Kita ingatkan lagi tak ada seorang pun di dunia ini bercita – cita menjadi orang miskin atau orang bodoh. Namun karena hidup ini harus taat kepada ketentuan Allah SWT yang maha kuasa, kita sebagai makhluk bisa apa? Kecuali bersabar dan terus berusaha (istiqomah).

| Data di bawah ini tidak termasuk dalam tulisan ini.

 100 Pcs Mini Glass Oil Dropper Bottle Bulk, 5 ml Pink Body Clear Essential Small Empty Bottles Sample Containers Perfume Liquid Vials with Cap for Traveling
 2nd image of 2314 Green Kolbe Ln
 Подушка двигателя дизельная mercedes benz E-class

Sebagai muslim apalagi ulama, Miftah Maulana Habiburrahman harus menyadari bahwa Allah SWT sangat membenci sifat sombong dan angkuh, serta mereka yang merasa lebih tinggi dari orang lain. Dalilnya terdapat dalam Qur,an Surah Al-A’raf ayat 13 ” Turunlah kamu dari surga! Karena kamu tidak sepatutnya menyombongkan diri di dalamnya, maka keluarlah! Sesungguhnya kamu termasuk orang-orang yang hina”. Bukankah Allah SWT menurunkan Iblis dari surga karena kesombongan dan keangkuhannya yang merasa lebih baik daripada Nabi Adam AS.
Selanjutnya yang dibenci Allah SWT adalah manusia yang berbuat zalim, baik terhadap dirinya sendiri, orang lain, atau terhadap Allah SWT, juga akan dihina. Lihat Qur,an Surah Az-Zumar ayat 32 “Dan siapakah yang lebih zalim daripada orang yang mengada-adakan kebohongan terhadap Allah atau mendustakan kebenaran ketika kebenaran itu datang kepadanya? Bukankah dalam neraka Jahannam itu tempat bagi orang-orang yang kafir?”

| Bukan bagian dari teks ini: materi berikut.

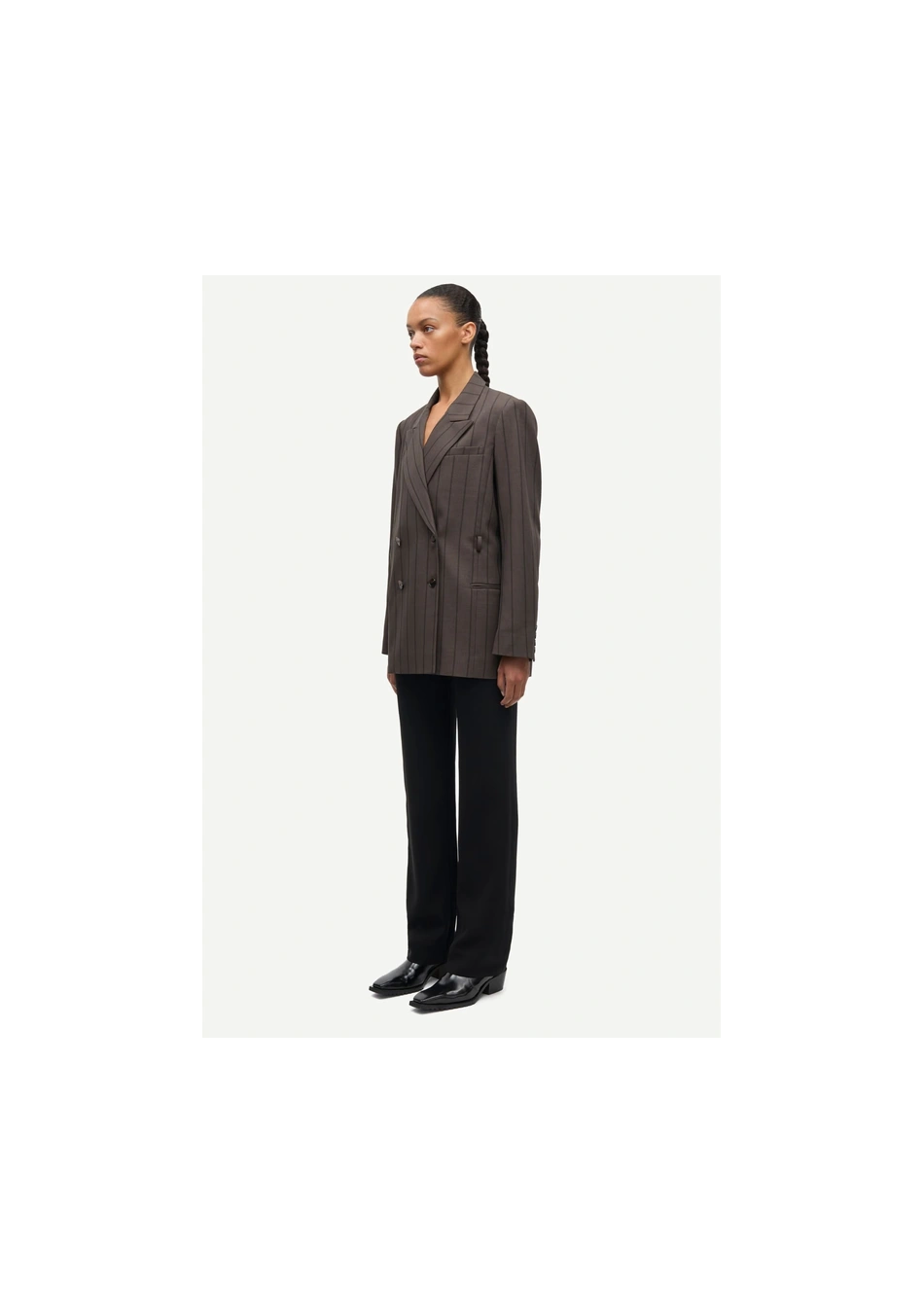 SAMSOE SAMSOE marca de ropa minimalista y contemporánea. Prendas sostenibles, versátiles y de alta calidad.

Sedangkan Sunhaji seorang penjual es teh itu seorang yang setiap menafkahi keluarga memang dimuliakan oleh Allah SWT. Bahkan menafkahi keluarga adalah amal yang sangat mulia dan dianggap sebagai ibadah yang dapat mendatangkan pahala besar. Dalam H.R. Bukhari dan Muslim “Apa yang kamu nafkahkan dari hartamu untuk keluargamu, itu semua dianggap sedekah, bahkan yang kamu nafkahkan untuk istrimu dan anak-anakmu.” Menafkahi keluarga dengan cara yang baik adalah suatu bentuk ibadah yang sangat dihargai oleh Allah SWT. H.R. Muslim menyebutkan “Setiap amal yang dilakukan oleh seorang Muslim yang bertujuan untuk mencari keridhaan Allah, akan diberikan pahala, bahkan termasuk makanan yang ia beri kepada istrinya.” Terakhir dalam Q.S At-Talaq ayat 6 Allah berfirman “Hendaklah kamu memberi mereka (istri-istri kamu) tempat tinggal di mana kamu tinggal menurut kemampuanmu, dan janganlah kamu menyusahkan mereka untuk menyempitkan hidup mereka.”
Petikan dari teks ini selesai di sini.